For the billing system to then "turn off" X it needs a number of things.
1. It needs the ability to reach back out to that service. It probably has no idea what it is, all the billing system is likely to receive is something like:
{service_name: "X", action: "Put"}
ie: Pretty opaque data with just enough structure to know "This costs X cents and happened Y times".So now your billing system needs to be able to resolve "X" back to some AWS resource that it can talk to. Both the resolution of X as well as the "billing can now talk to every single AWS service" are pretty heavy lifts.
2. It needs to know what "off" is. "Off" for S3 could mean a lot of things.
a) Delete the bucket and all data inside of it
b) Keep the bucket but delete all data inside of it
c) Keep the bucket and the data but disable API access
etc etc. Do you disable PUT? GET? Both? What if what's blowing up your billing is GET?
And this really doesn't get easier for other systems. Do you back up a database before killing it?
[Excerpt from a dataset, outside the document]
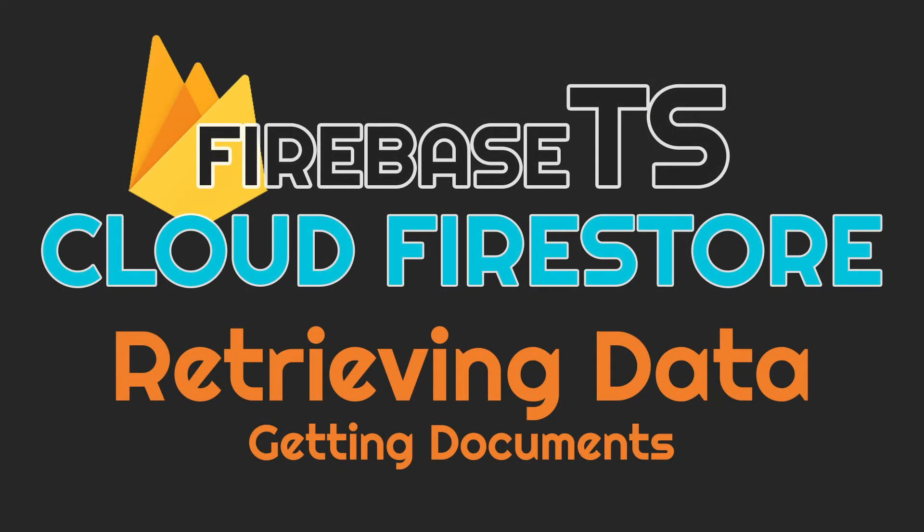Hello, in this video I'll show you how to retrieve documents from Cloud Firestore using the npm package called Firebase TS.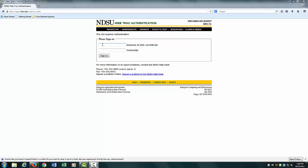This will bring you to the NDSU Web Track Authentication page. You will need to sign in using your electronic ID and password. This is the same ID and password that you use for your Blackboard account.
That incurs charges too.
I don't see AWS somehow solving this in a "one size fits all" way because there isn't one.
It's not an engineering problem at all at its heart.
It's a marketing/business problem that someone somewhere is thinking that Amazon can provide a free service to X users, knowing that Y (X, Y positive, Y << X) users will go over their "free tier" usage and pay for all X's costs, maybe even more, making the free tier a profitable business on its own.
My point is that it is definitely an engineering problem as well as a product problem.
a) It's going to be super technically difficult to build (especially in a way where it's responsive at a granular basis to handle huge blow-up bursts)
b) It's not even clear what you're supposed to be building
None of what people are proposing is well defined or easy to build.